== Input data ==
···
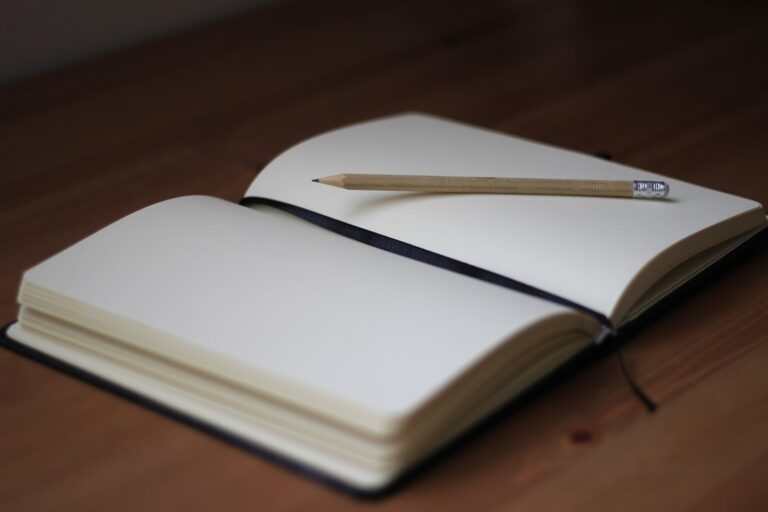 Navigating Life’s Challenges with Grace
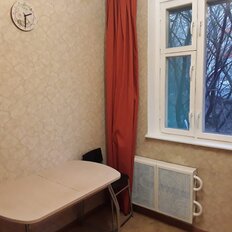 Квартира 40 м², 1-комнатная - изображение 4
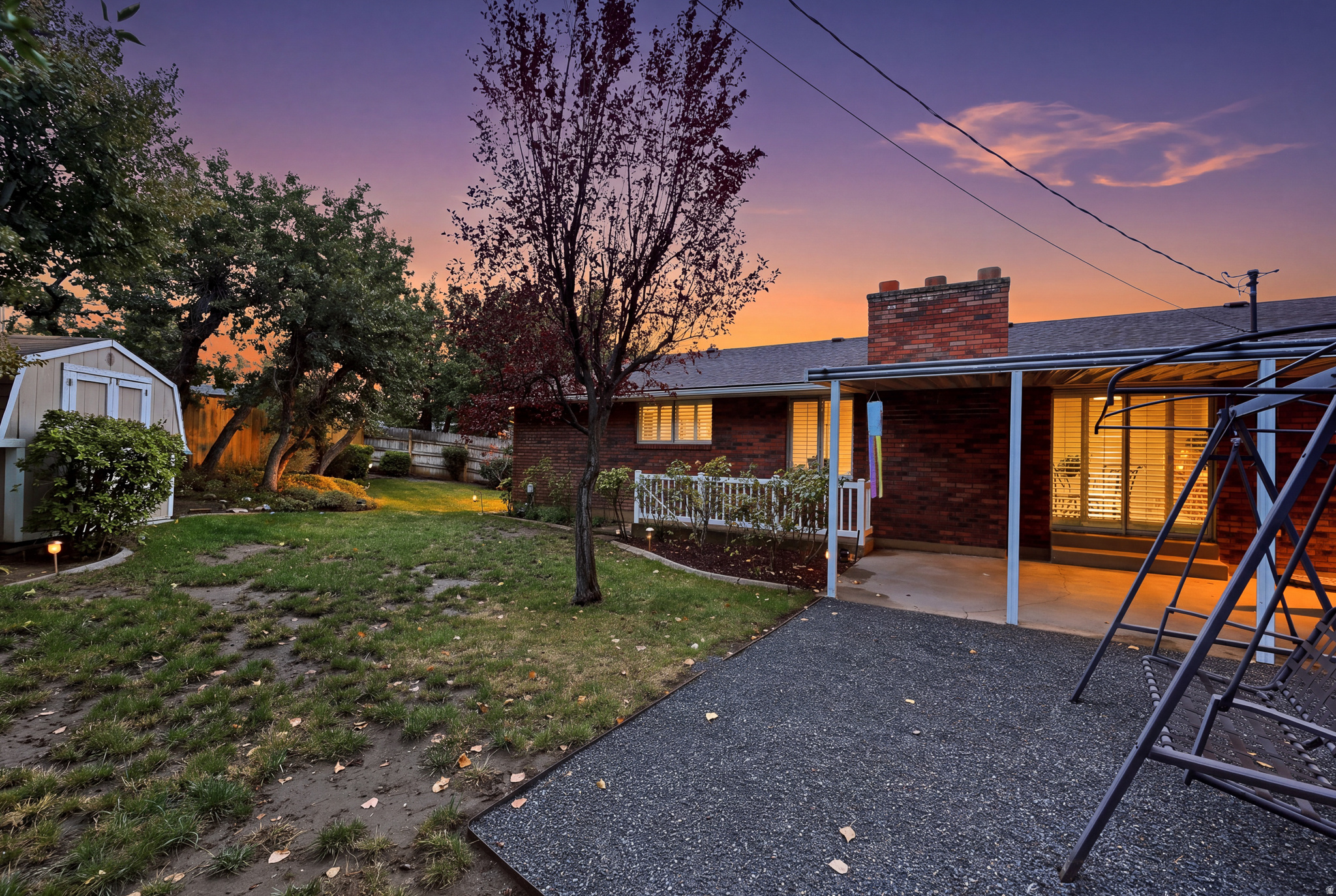 main property photo 51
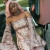 Rencontrer Femme auchy-la-montagne Karmadetavie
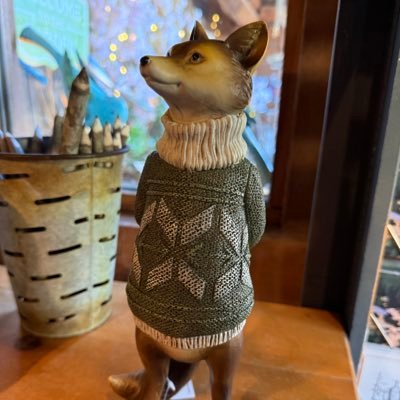 sircuckslord's profile picture. 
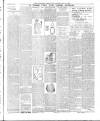 Berkshire Chronicle Saturday 31 May 1902 Page 5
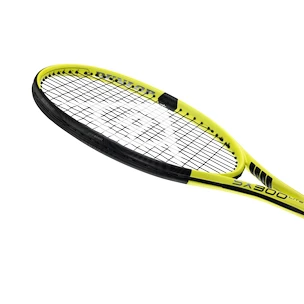 Rakieta tenisowa Dunlop SX 300 Lite  L2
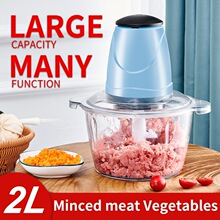 电动料理器】_电动料理器品牌/图片/价格_电动料理器批发_阿里巴巴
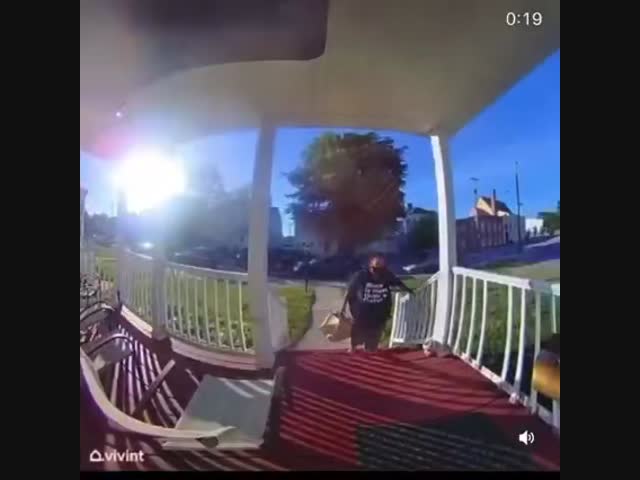 Угадайте страну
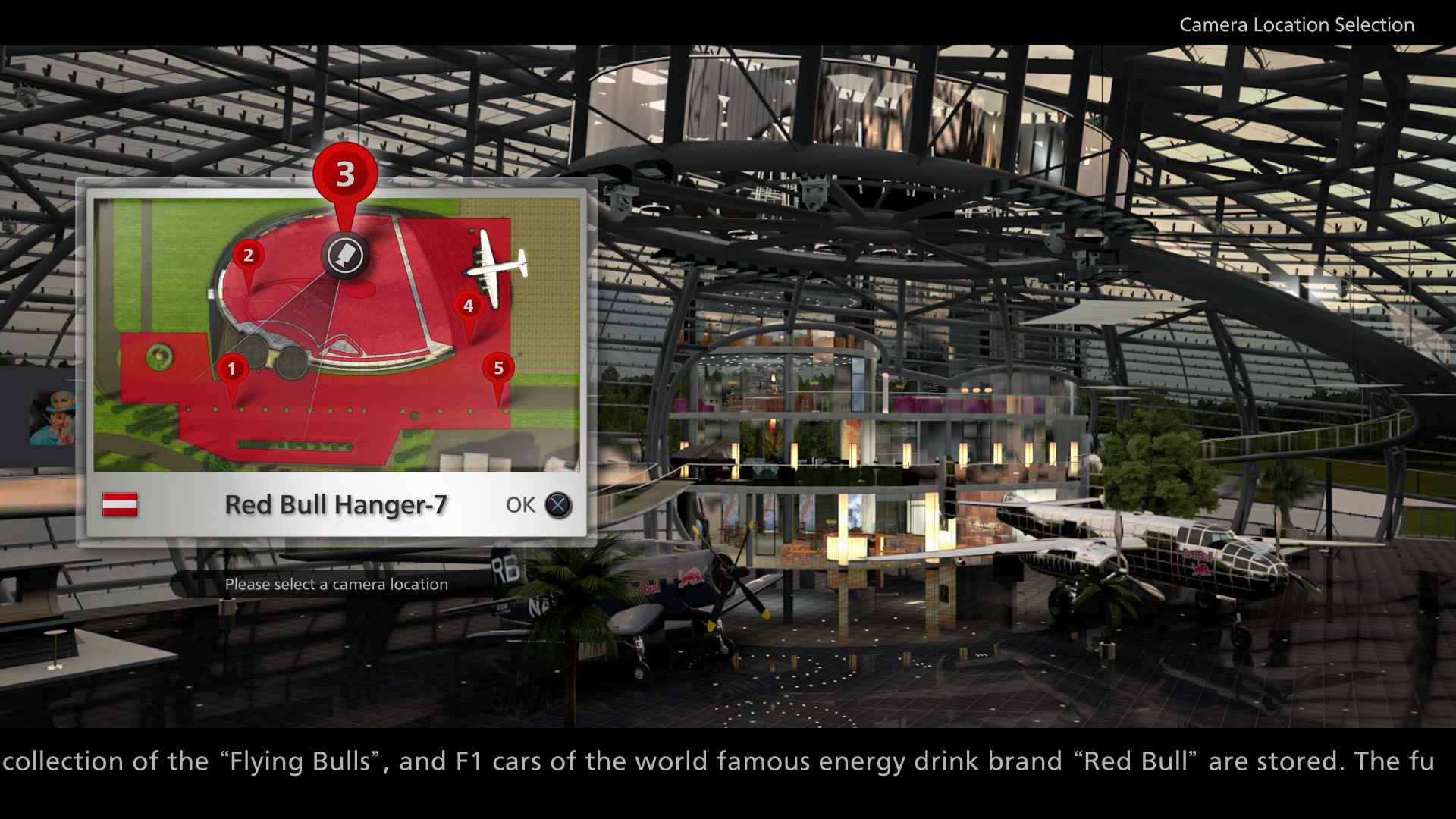 modephoto-tuning_3_20100822_2016285115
···
== Problem to work on ==
Find the line with "Квартира 40 м², 1-комнатная - изображение 4" in the listing and extract it and all lines after it through the end, exactly, without the pictures.

== Task answer ==
 Квартира 40 м², 1-комнатная - изображение 4
 main property photo 51
 Rencontrer Femme auchy-la-montagne Karmadetavie
 sircuckslord's profile picture. 
 Berkshire Chronicle Saturday 31 May 1902 Page 5
 Rakieta tenisowa Dunlop SX 300 Lite  L2
 电动料理器】_电动料理器品牌/图片/价格_电动料理器批发_阿里巴巴
 Угадайте страну
 modephoto-tuning_3_20100822_2016285115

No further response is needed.